- GIVEN DATA:
----------

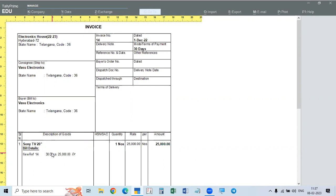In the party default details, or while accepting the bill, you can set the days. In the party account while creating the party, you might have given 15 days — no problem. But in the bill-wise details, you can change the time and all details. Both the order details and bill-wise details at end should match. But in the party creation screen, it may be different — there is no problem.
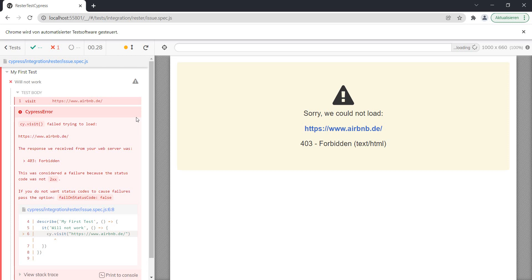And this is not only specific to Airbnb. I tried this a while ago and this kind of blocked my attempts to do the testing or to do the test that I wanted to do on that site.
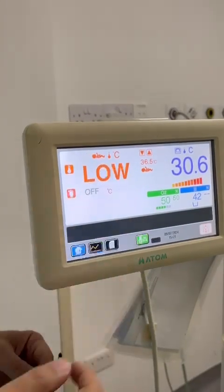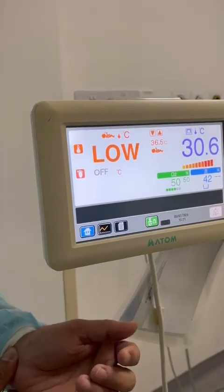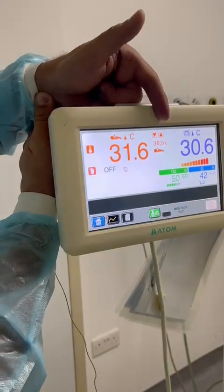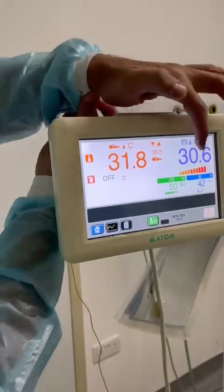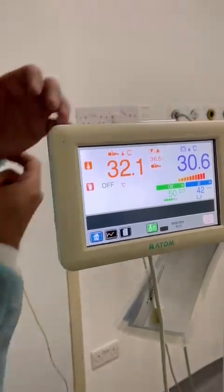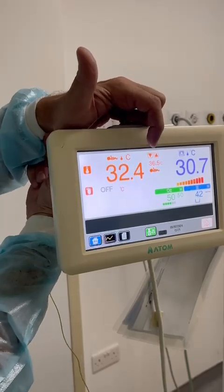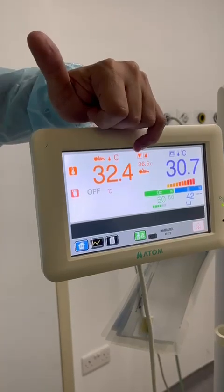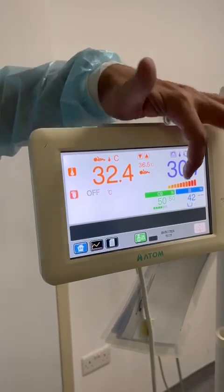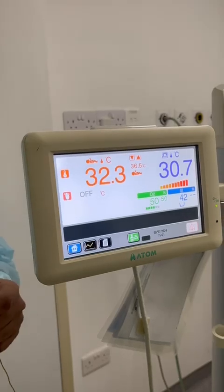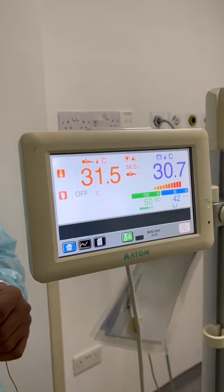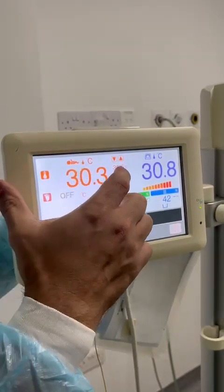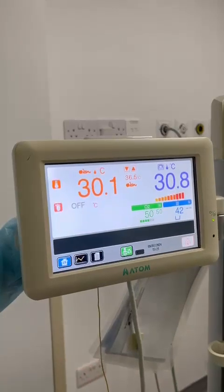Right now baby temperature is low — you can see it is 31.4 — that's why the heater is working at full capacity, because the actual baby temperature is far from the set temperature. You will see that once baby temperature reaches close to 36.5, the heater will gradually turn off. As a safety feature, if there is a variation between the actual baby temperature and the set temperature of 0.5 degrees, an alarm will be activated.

----------

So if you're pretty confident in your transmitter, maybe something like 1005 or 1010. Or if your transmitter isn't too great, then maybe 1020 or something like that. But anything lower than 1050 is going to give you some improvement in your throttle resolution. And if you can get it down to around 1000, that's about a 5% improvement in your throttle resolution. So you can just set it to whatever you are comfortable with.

----------

- EXERCISE:
Once the line with "In the party default" is found in the data above, reproduce it and each line after it exactly, through the line with "Right now baby". Omit the pictures.

- YOUR SOLUTION:
In the party default details, or while accepting the bill, you can set the days. In the party account while creating the party, you might have given 15 days — no problem. But in the bill-wise details, you can change the time and all details. Both the order details and bill-wise details at end should match. But in the party creation screen, it may be different — there is no problem.
And this is not only specific to Airbnb. I tried this a while ago and this kind of blocked my attempts to do the testing or to do the test that I wanted to do on that site.
Right now baby temperature is low — you can see it is 31.4 — that's why the heater is working at full capacity, because the actual baby temperature is far from the set temperature. You will see that once baby temperature reaches close to 36.5, the heater will gradually turn off. As a safety feature, if there is a variation between the actual baby temperature and the set temperature of 0.5 degrees, an alarm will be activated.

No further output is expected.